WHAT YOU HAVE TO DO:
Starting with the line that has "If you remember, and" in the records below and ending with the line that has "Derived alarms are", output those lines exactly and nothing more; omit the pictures.

SUPPLIED RECORDS:
————

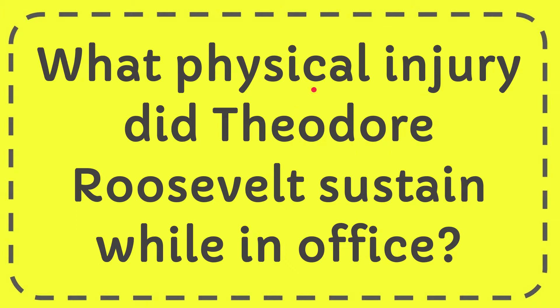In this video I'm going to give you the answer to this question. The question is what physical injury did Theodore Roosevelt sustain while in office?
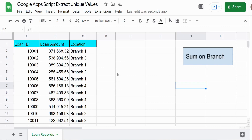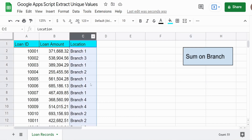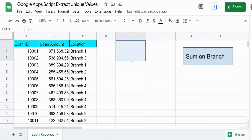In this video we're going to create code in Google Apps Script to extract unique values from a column in a dataset. I have a dataset of loan records and column C contains branch locations. When I press this script button it will extract the unique values from column C, place them in column E, and then sum based on those unique values to get totals by branch location.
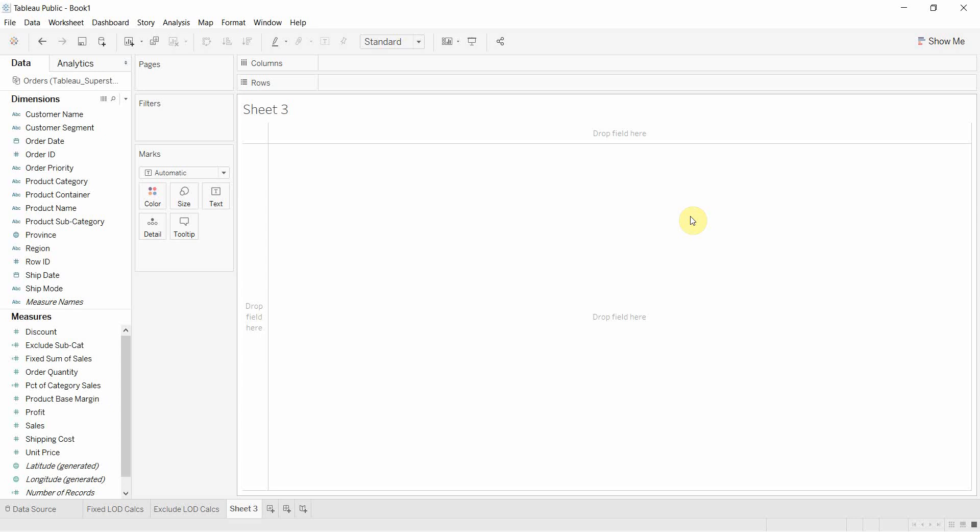If you remember, and this is just a recap if you watch the other two videos, fixed level of detail calculations will aggregate a measure at always the same dimension, a fixed dimension if you will. Exclude level of detail calculations will allow you to exclude a dimension while you aggregate a measure and include level of detail calculations allow you to include a dimension when you calculate a measure, when you aggregate a measure.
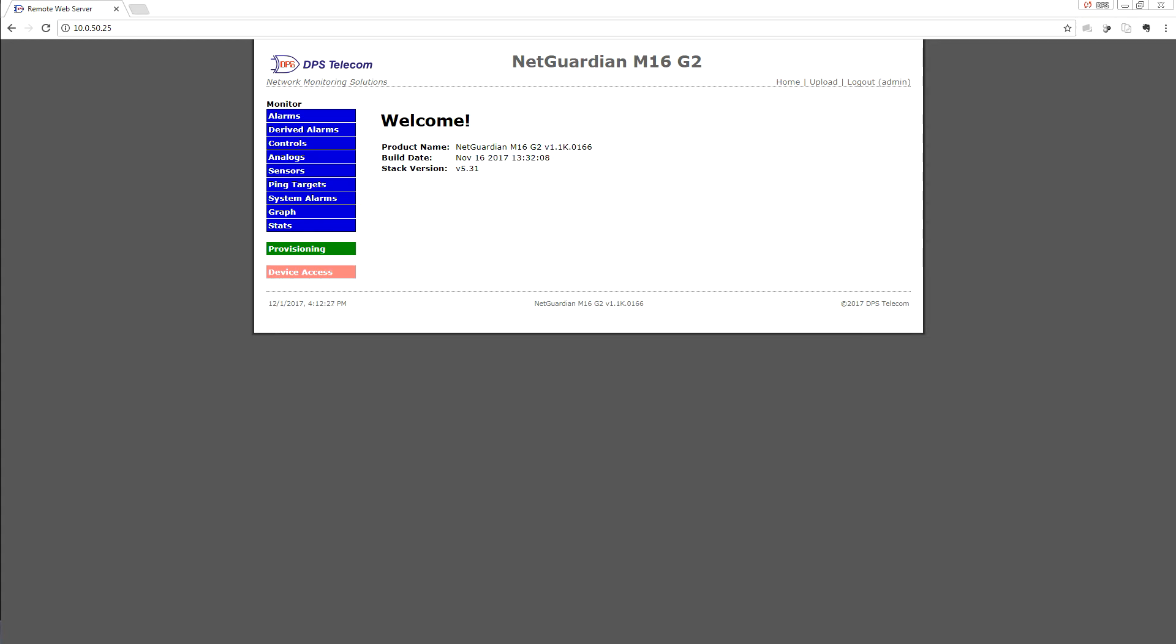Derived alarms are one of the more powerful things you can do with your NetGuardian RTU because they take you beyond simple contact closure alarms and into more advanced processing.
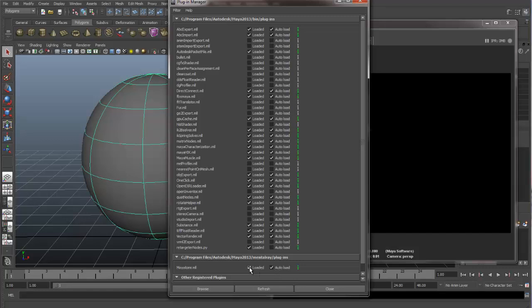Always check both of those with Mental Ray, and if for whatever reason you go to a computer and Mental Ray is not available, then this is the place that you need to go.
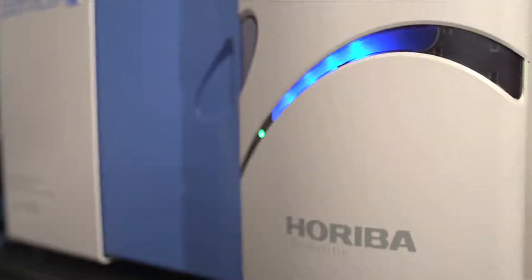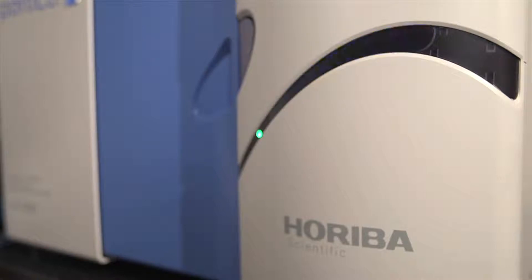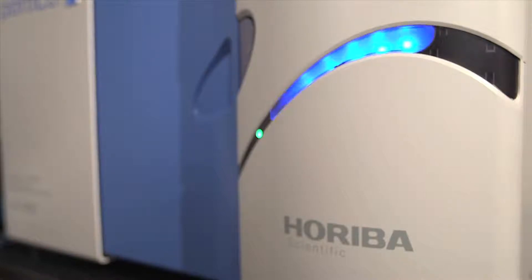We can't wait to do a head-to-head comparison. The LA960 uses Horiba's patented optical design to measure across a broad size range from 10 nanometers to 5,000 microns.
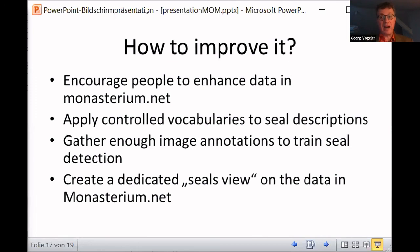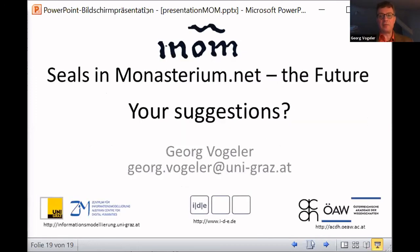Those would be my suggestions and ideas. Now I'm curious about your suggestions. Thank you.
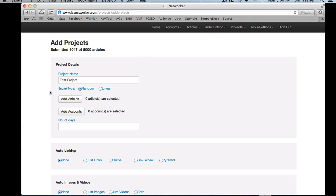So that's submit type. It's pretty complicated at first, but once you let it sink in you'll see the difference and how they work. It's not too complicated once you get the hang of it.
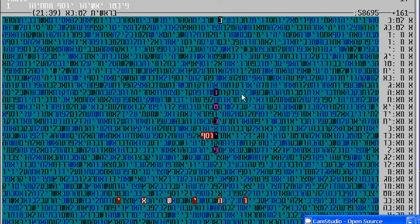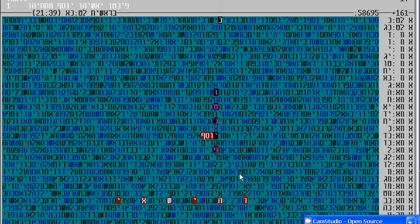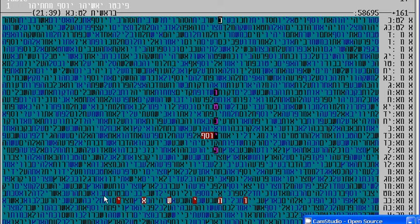No doubt that like Yosef in Egypt, helping Bnei Israel, preparing the way for them, the same thing, Rabbi Pinto, as it is known, is doing great things to help Bnei Israel.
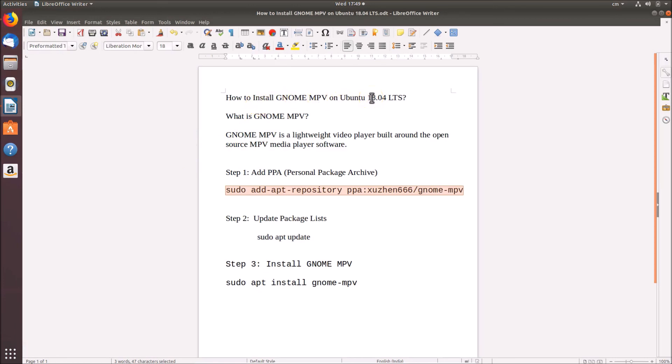That's how you can easily install GNOME MPV on Ubuntu 18.04 LTS. Thanks for watching — if you like the videos please support this channel by subscribing. Thanks, bye bye.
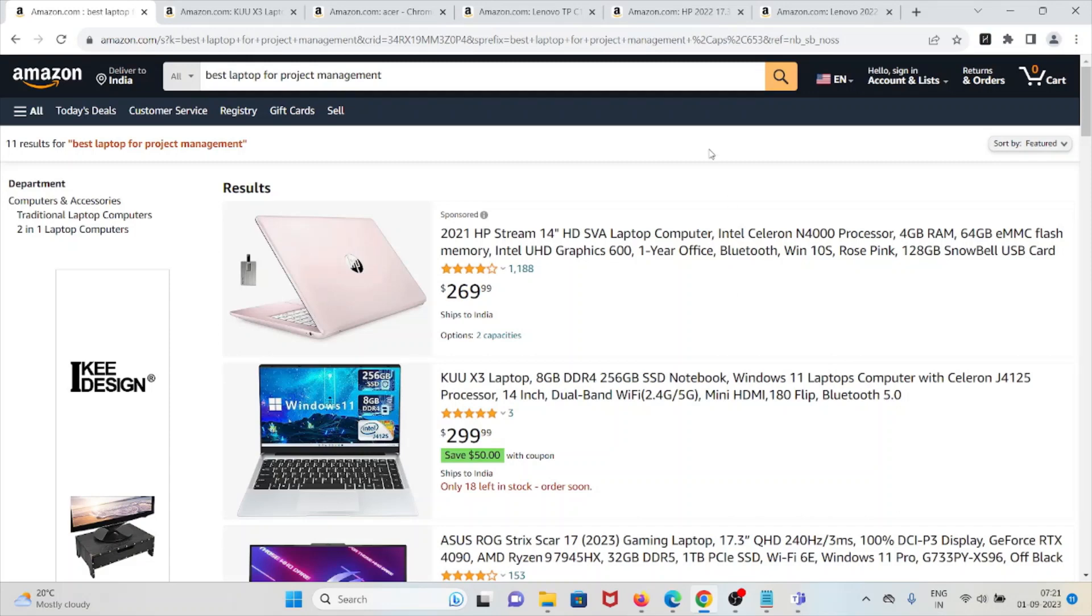Hi, in this particular video we'll see the best laptop for project management. If you are doing some kind of project, if you are a management student, or you are doing some of the large corporate projects, if you are working in a corporate sector...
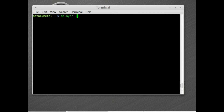We're going to use mplayer with the flag `-tv driver` and the TV driver we're going to use is V4L2. This driver will work for many webcams but not necessarily all webcams, so I apologize if it doesn't work with yours. I believe it also works with many TV tuners, so if you have a TV tuner you can use this command to show a TV show on screen while you're working.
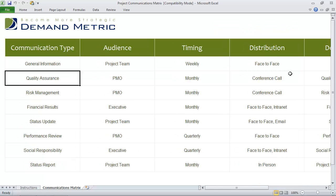So this is a very simple organizational template that will help to ensure that the communication requirements are met, and that you're communicating with the project team on an ongoing basis.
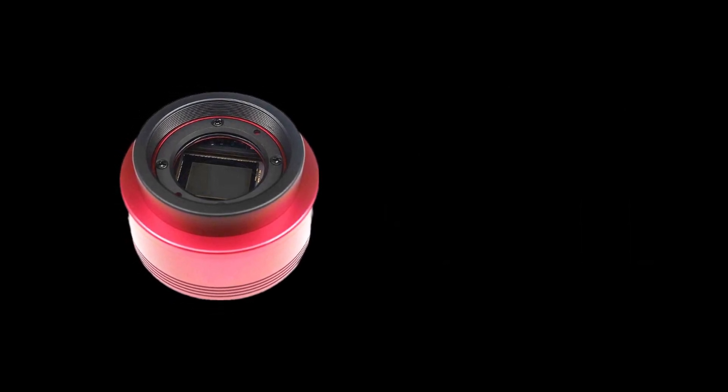Now click on this video to know more about this camera and what you can do with it and your Dobsonian telescope.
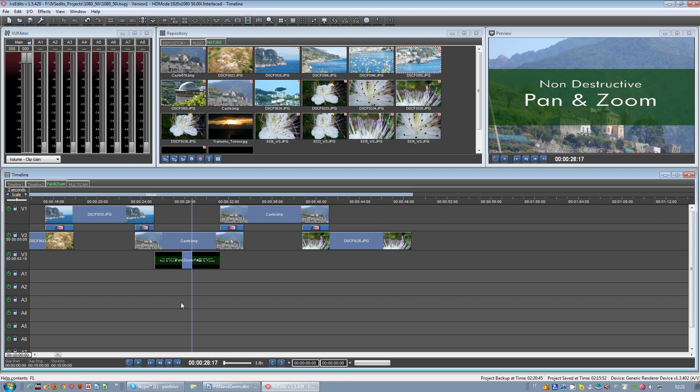Hi, I'm Paolo and I'm here to show you the non-destructive pan and zoom of IVS edits.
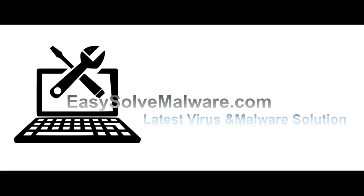That's all. Thank you for watching the video from easy-solve-malware.com. We hope it solves your problem.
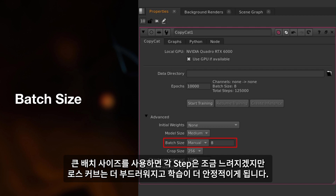While each step will be a bit slower, a large batch size means that the loss curve will be smoother and the training will be more stable.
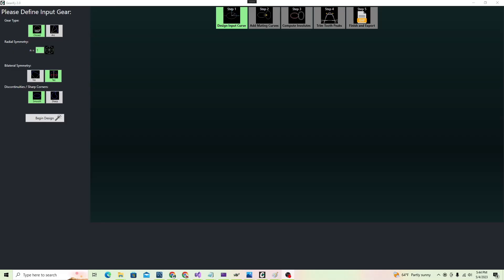And that's it. Once you've made your selections, click Begin Design to start designing your exact gear shape.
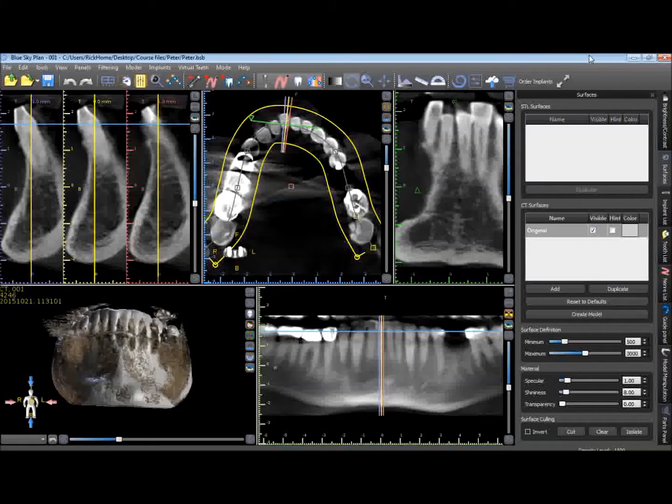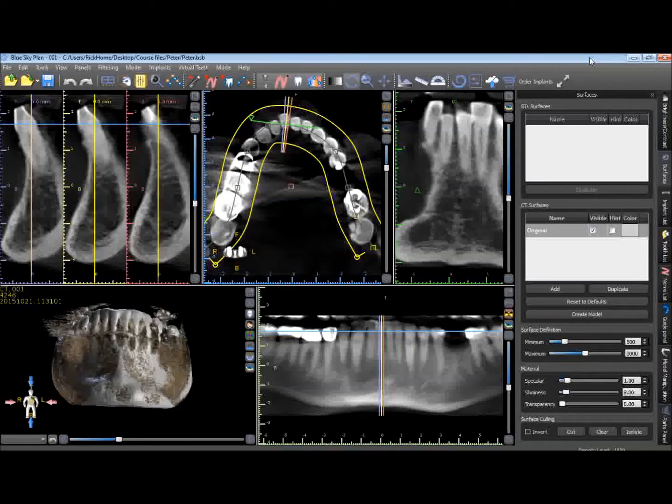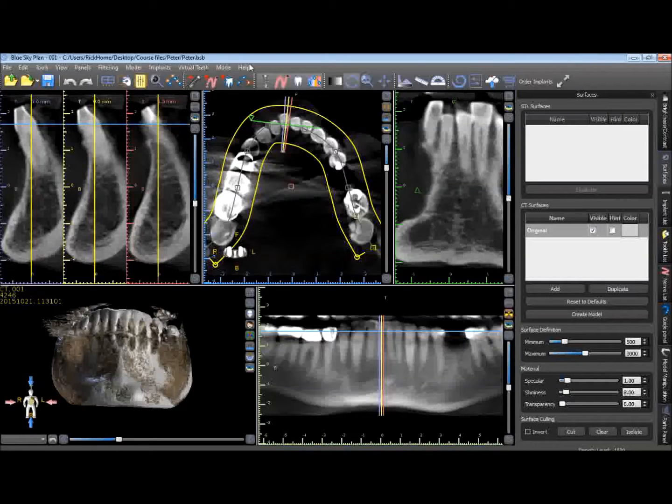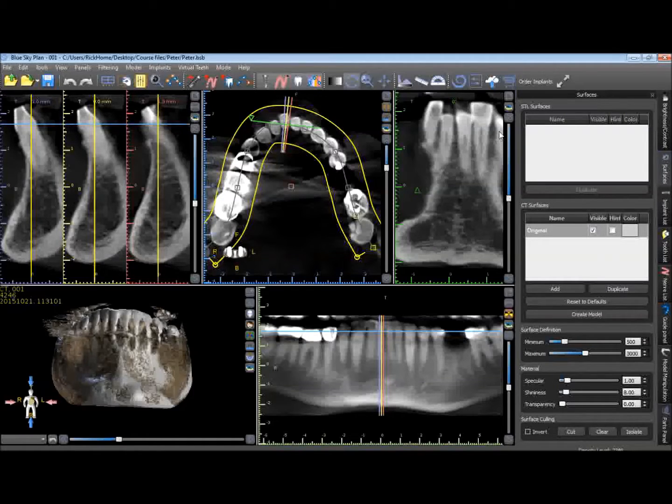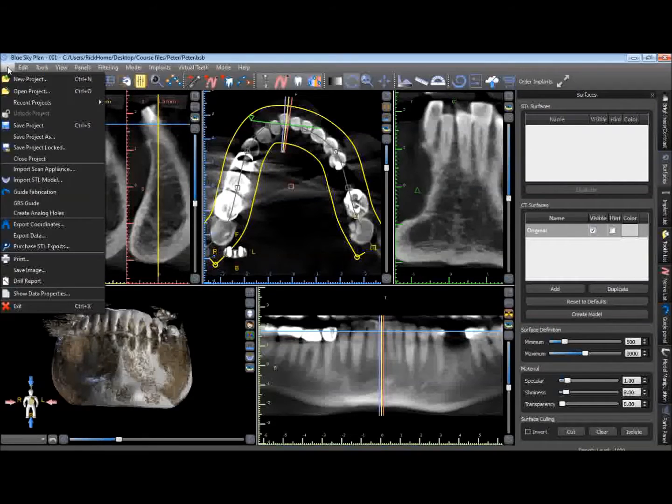We'll be then reversing that impression and bringing it into the guide fabrication software, Blue Sky Plan, and then we can use that clean dataset to create a surgical guide. So the first step in doing this is to open up the patient's jaw scan in Blue Sky Plan, which we've already done here.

————

ANSWER TO THIS TASK:
If you remember, and this is just a recap if you watch the other two videos, fixed level of detail calculations will aggregate a measure at always the same dimension, a fixed dimension if you will. Exclude level of detail calculations will allow you to exclude a dimension while you aggregate a measure and include level of detail calculations allow you to include a dimension when you calculate a measure, when you aggregate a measure.
Derived alarms are one of the more powerful things you can do with your NetGuardian RTU because they take you beyond simple contact closure alarms and into more advanced processing.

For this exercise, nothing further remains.